In the opposition Christian Democrat/Christian Social Union, the CSU wing has endorsed a policy paper by its Foreign Policy and Defense Working Group in the Bundestag, supporting the Baltic enlargement of the alliance next year. Author Christian Schmidt and the CSU caution against any official or tacit acceptance of Moscow’s objections to Baltic membership in NATO. The paper, furthermore, takes issue with the CDU wing’s priorities as outlined recently by Volker Ruehe, the former long-serving minister of defense. The Ruehe thesis artificially counterposes other candidacies to that of the Baltic states for NATO membership, and holds that the Balts do not really need NATO guarantees because they can get them some time later from the EU and because the Baltic region is stable anyway.

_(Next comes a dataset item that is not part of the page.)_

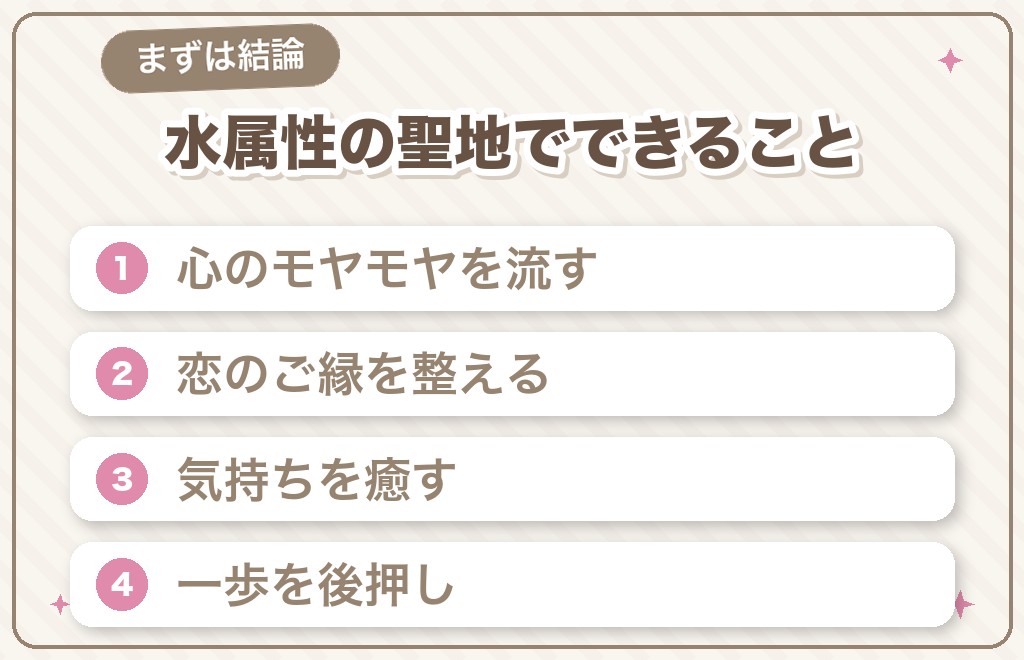 水属性のパワースポットでできること【結論】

That thesis bears the marks of improvisation and seems destined for a short lifespan. The CSU paper–like the Social-Democrats’–argues that the admission of the three Baltic states along with that of Slovakia and Slovenia is advisable as well as feasible in the second round of enlargement next year. That view, should it continue to gain adherents, creates a potential basis for German bipartisan consensus on the scope and pace of NATO’s enlargement that would include early Baltic membership.

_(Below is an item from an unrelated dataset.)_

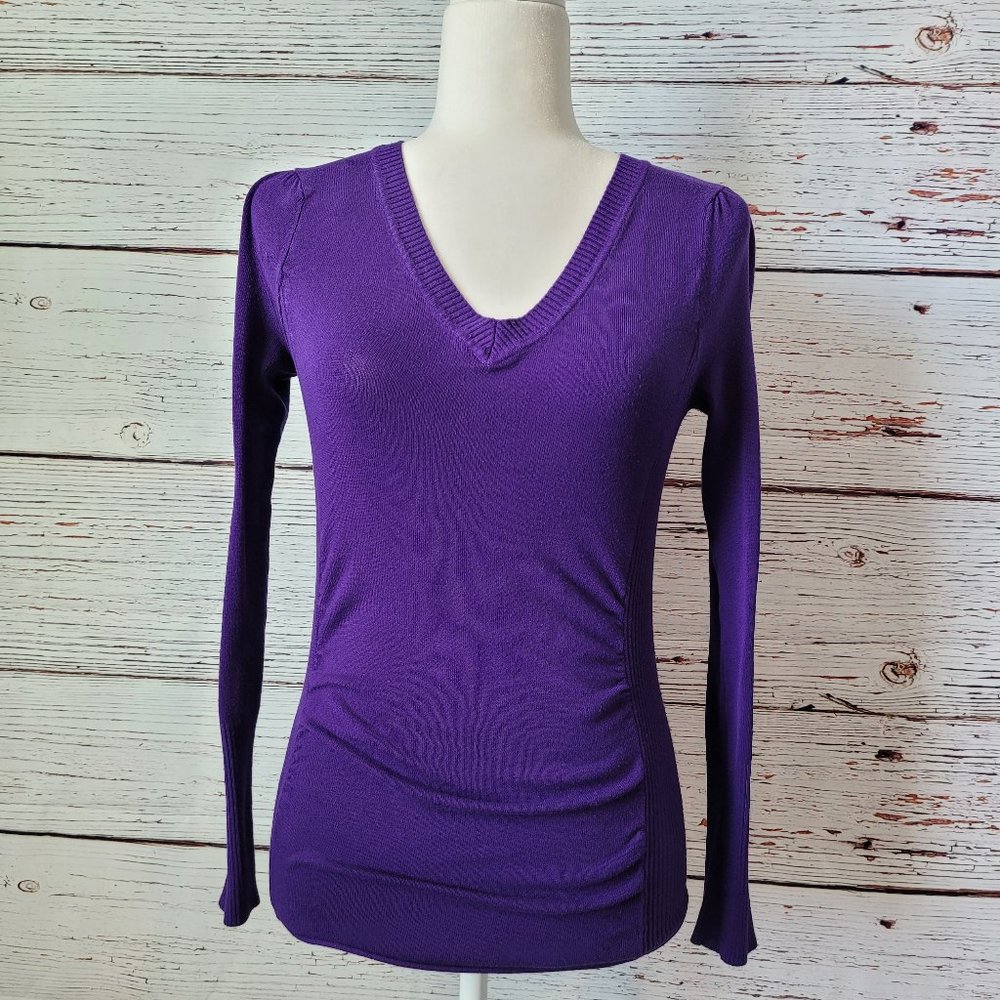 Purple Long Sleeve V Neck Sweater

Ten years ago, Iceland became the first NATO country to officially recognize the Baltic states’ restored independence through an official statement by then Foreign Affairs Minister Jon Baldvin Hanibalsson. Last week in Washington, Hanibalsson–now ambassador to the United States–declared: “Leaving Estonia, Latvia and Lithuania once again outside the overall security system, in a gray zone or a political no-man’s land waiting to be filled by a reborn imperial ambition of a new generation of nationalist leaders in Russia, is certainly not conducive to stability and peace in Europe in the future” (DPA, Frankfurter Allgemeine Zeitung, April 12, 17; BNS, ELTA, LETA, ETA, April 2-3, 11-20; CTK, April 13, 17; see the Monitor, February 6, 22, March 16, April 11; Fortnight in Review, April 13).